Since, the process $\left ( \int _ 0 ^t e^{\alpha s} ~ dB_s \right)_{t\geq 0}$ is a Wiener integral, it's a gaussian process with law $ \mathcal N \left(0,\int _ 0 ^t e^{2\alpha s} ~ ds \right)$. Also, $\left ( e^{-\alpha t}\int _ 0 ^t e^{\alpha s} ~ dB_s \right)_{t\geq 0}$ is a supermartingale so we have for all $C>0$
\begin{align} \mathbb P \left \{ \sup _{t \in \left [ 0,T\right ] }\left |e^{-\alpha ^t} \int _ 0 ^t e^{\alpha s} ~ dB_s\right | \geq C\right\} &\leq \frac {1}{C^2} \mathbb E \left \{ \left |e^{-\alpha ^T} \int _ 0 ^T e^{\alpha s} ~ dB_s\right |^2\right \} \\&=\frac {1- e^{-\alpha T}}{2C^2 \alpha} \underset {\alpha \rightarrow \infty} {\longrightarrow} 0 \end{align}
which shows the convergence in probability. Finally we can conclude the a.e. convergence by Borel-Cantelli's theorem.

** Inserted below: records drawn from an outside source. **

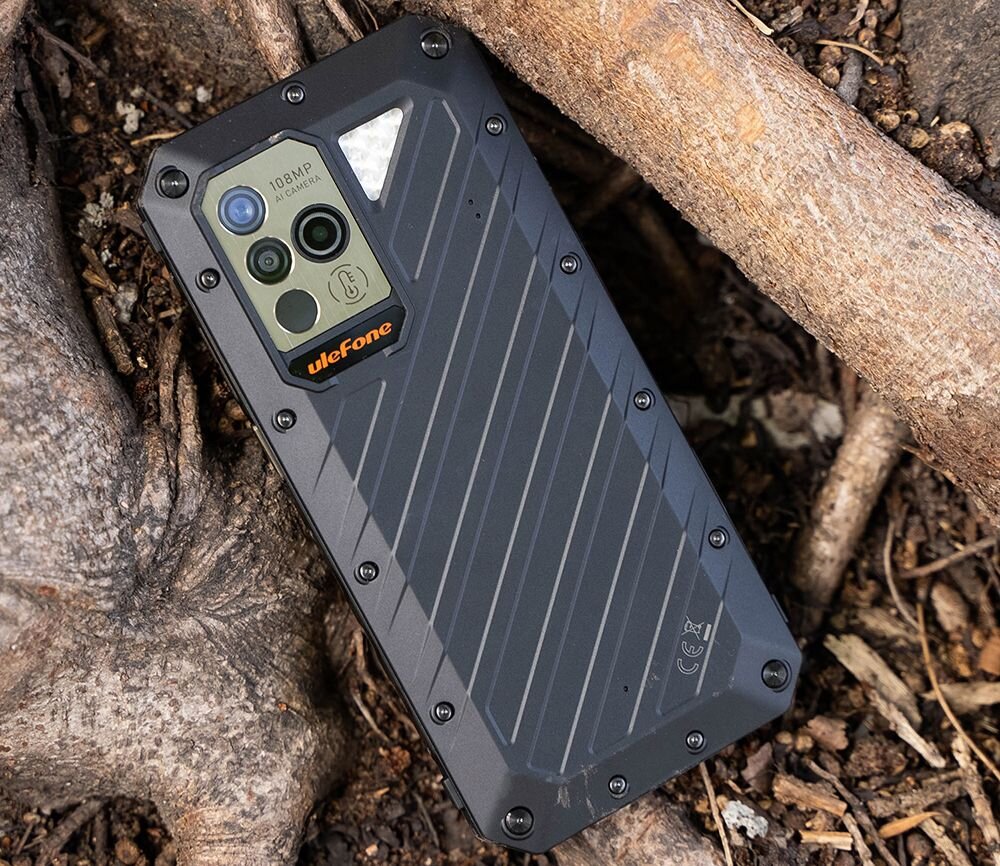 Smartfon ULEFONE Power Armor 18 ekran bateria aparat procesor ram pamięć pojemność rozdzielczość zdjęcia filmy opis dane cechy blokady system łączność wifi bluetooth obudowa szkło odporność porty muzyka transfer sieć przekątna matryca waga czujniki oled amoled ips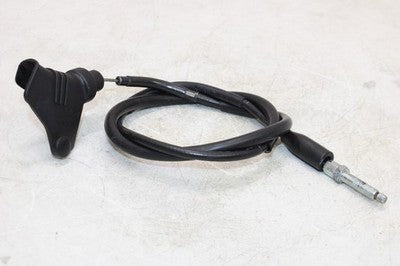 2009 Suzuki GS500F OEM CLUTCH CABLE LINE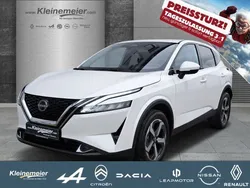 Weiß Neu 2024 Nissan Qashqai N-Connecta SUV | 30.990 € (Guter Preis)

The following is more a comment than an answer, as I do not know if it is useful.
Let $$X_t = \int_0^{t}e^{\alpha s}dB_s$$ You can prove that the martingale $\{X_t,t\geq 0\}$ has the same distribution as a Brownian motion with changed time $\{B_{C_t},t\geq 0\}$ where $$ C_t = \int_0^t e^{2\alpha s}ds = \frac{e^{2\alpha t}-1}{2\alpha}. $$